Exercise description
Transcribe nothing except the lines below that run from the one with "ローソン 南部町気佐藤店の地図画像" to the one with "Rea Goya konglomerátové", ends included, and do not copy any picture.

**** Data in this exercise ****

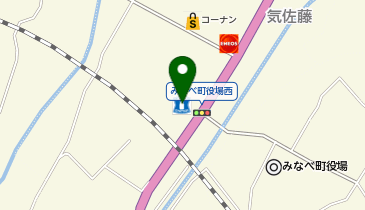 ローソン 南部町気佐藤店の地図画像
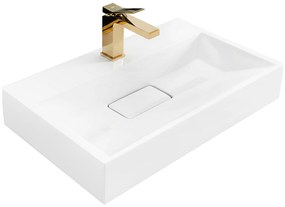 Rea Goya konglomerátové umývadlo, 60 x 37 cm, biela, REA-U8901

****
**** Data in this exercise ****

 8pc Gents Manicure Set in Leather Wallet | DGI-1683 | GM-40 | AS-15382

****

Expected answer
 ローソン 南部町気佐藤店の地図画像
 Rea Goya konglomerátové umývadlo, 60 x 37 cm, biela, REA-U8901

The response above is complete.